Below are entries; output exactly the lines from the one with "Central 3 bdrm apt for 12, Fresh Renovated!" to the one with "Photo of Livingroom in Middle Hope", both included, and nothing else.

Exercise material:
--- START ---

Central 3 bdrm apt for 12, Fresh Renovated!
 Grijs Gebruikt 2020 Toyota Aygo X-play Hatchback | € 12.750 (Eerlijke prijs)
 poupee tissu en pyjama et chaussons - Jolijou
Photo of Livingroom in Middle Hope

--- END ---
--- START ---

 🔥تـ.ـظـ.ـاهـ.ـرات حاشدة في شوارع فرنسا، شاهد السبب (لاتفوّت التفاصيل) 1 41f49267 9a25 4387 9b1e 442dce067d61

--- END ---
--- START ---

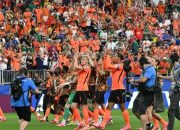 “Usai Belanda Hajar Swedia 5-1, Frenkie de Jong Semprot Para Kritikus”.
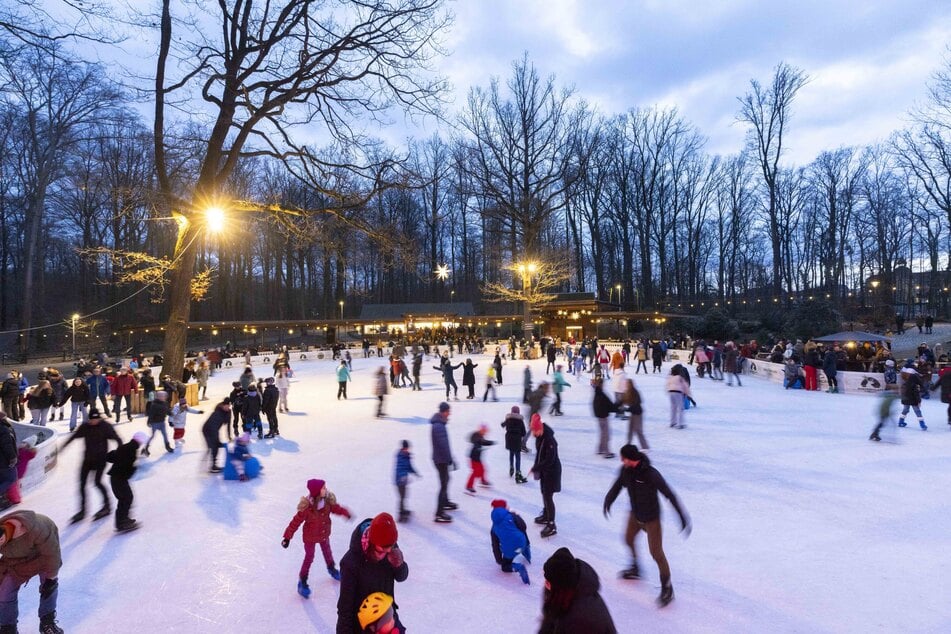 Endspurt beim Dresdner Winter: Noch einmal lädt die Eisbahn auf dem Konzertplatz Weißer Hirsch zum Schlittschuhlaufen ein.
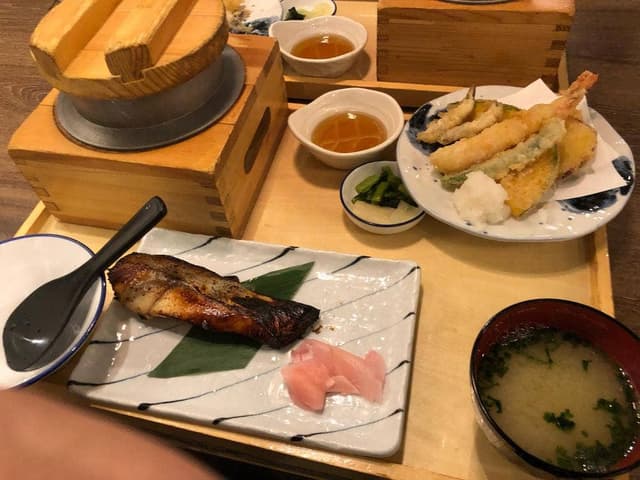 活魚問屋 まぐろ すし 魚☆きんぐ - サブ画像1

--- END ---

Output of the task:
Central 3 bdrm apt for 12, Fresh Renovated!
 Grijs Gebruikt 2020 Toyota Aygo X-play Hatchback | € 12.750 (Eerlijke prijs)
 poupee tissu en pyjama et chaussons - Jolijou
Photo of Livingroom in Middle Hope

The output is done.